Assigned task: Reproduce, exactly and only, the lines of the data that follows from the one containing "Party Invitation Sample Email" down to the one containing "MANUKA Windbreaker Übergroße", without pictures.

Excerpted records:
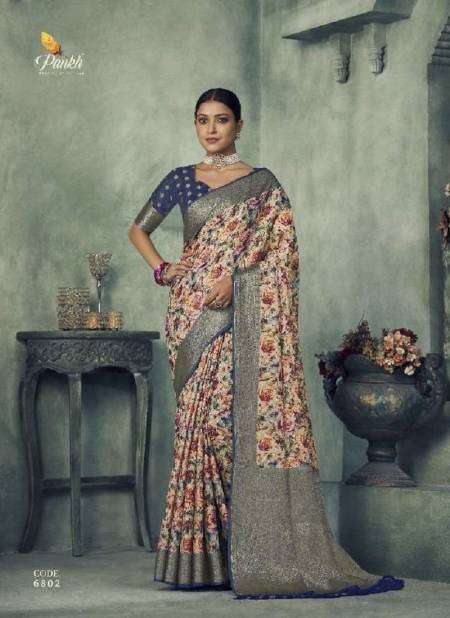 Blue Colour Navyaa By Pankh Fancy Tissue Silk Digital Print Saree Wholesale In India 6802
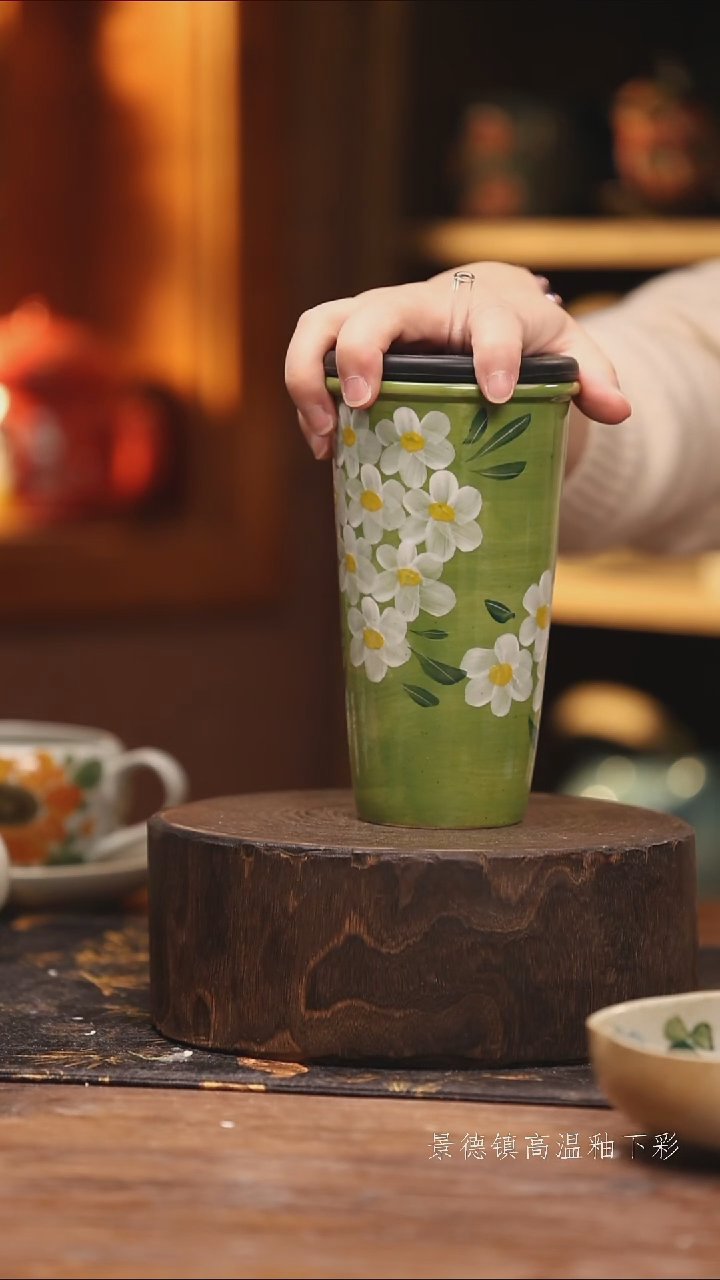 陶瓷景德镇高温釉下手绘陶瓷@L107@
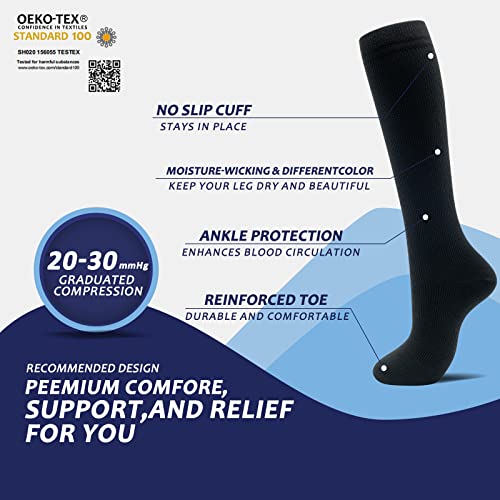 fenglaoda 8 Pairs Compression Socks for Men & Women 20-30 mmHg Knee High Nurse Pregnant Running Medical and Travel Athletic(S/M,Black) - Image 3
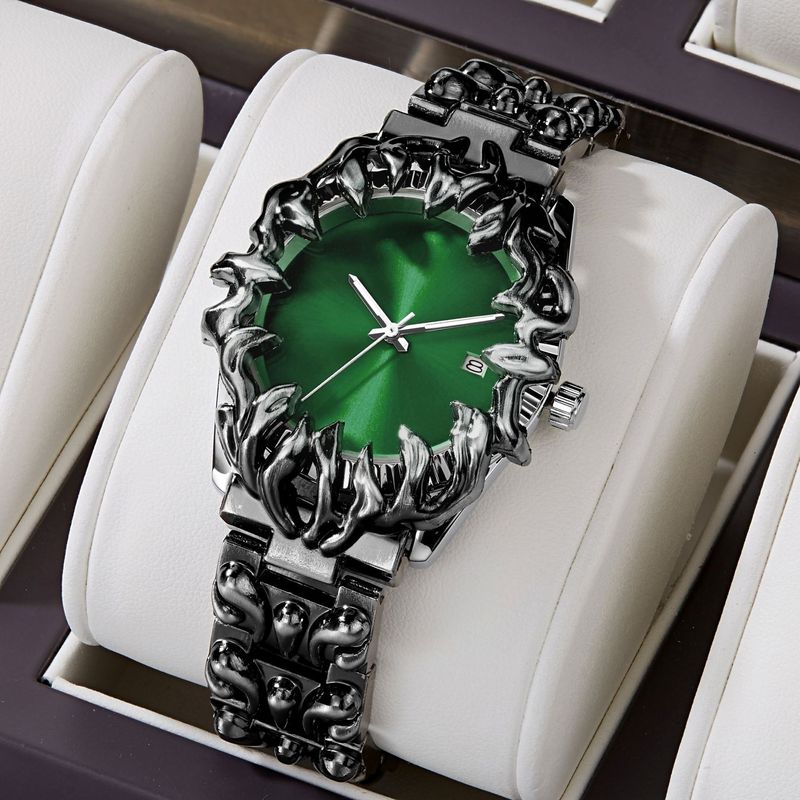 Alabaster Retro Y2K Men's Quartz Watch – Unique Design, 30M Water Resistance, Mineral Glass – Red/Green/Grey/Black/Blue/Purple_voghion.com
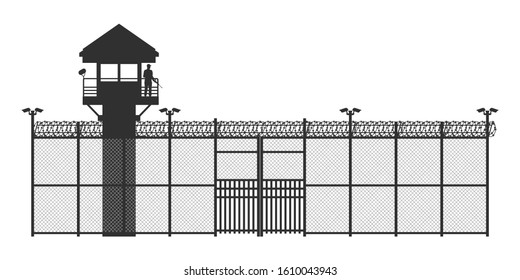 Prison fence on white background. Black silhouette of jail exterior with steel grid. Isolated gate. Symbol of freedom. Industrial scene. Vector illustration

---

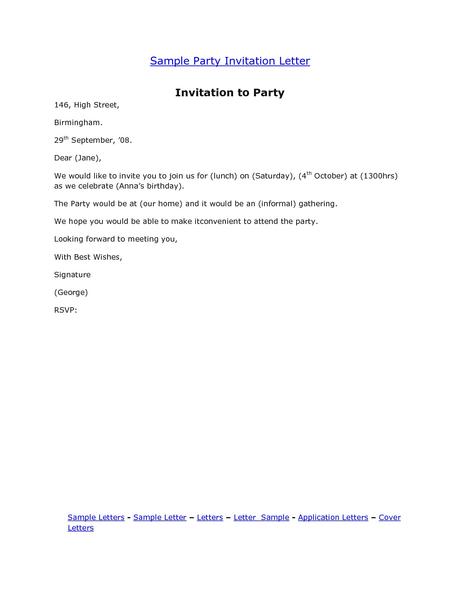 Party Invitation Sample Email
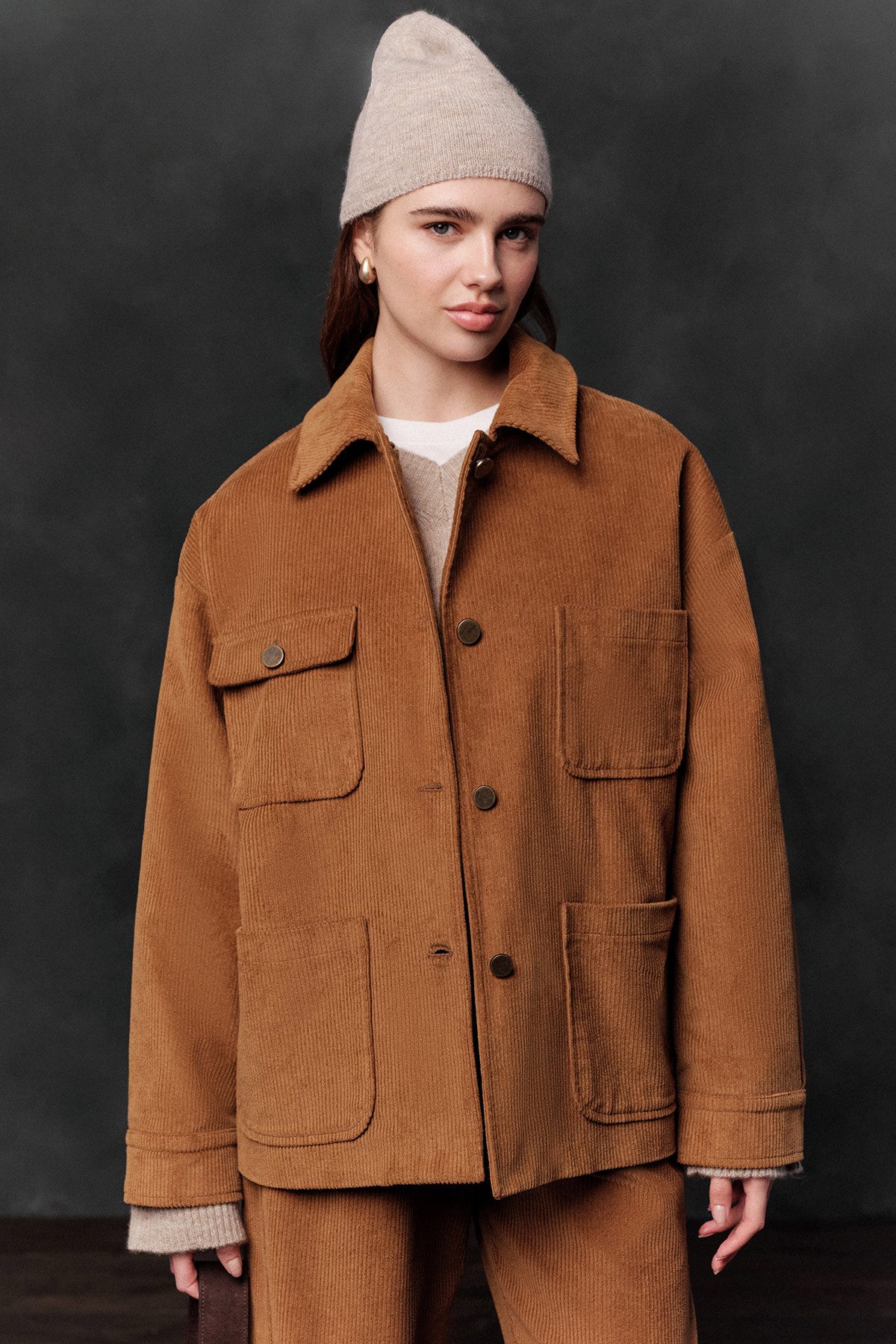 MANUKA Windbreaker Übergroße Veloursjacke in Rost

---

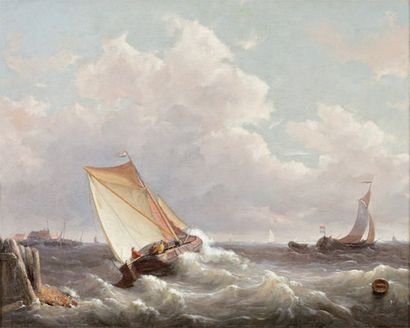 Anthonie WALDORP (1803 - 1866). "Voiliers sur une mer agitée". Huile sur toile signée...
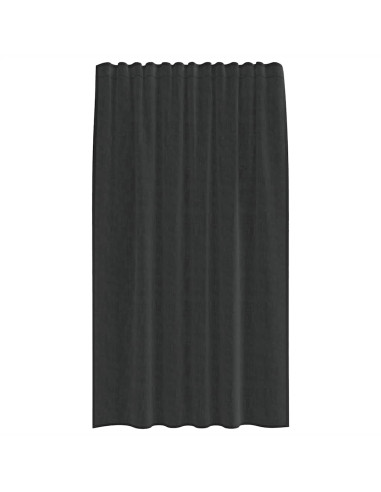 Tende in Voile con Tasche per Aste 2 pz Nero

Response area:
 Party Invitation Sample Email
 MANUKA Windbreaker Übergroße Veloursjacke in Rost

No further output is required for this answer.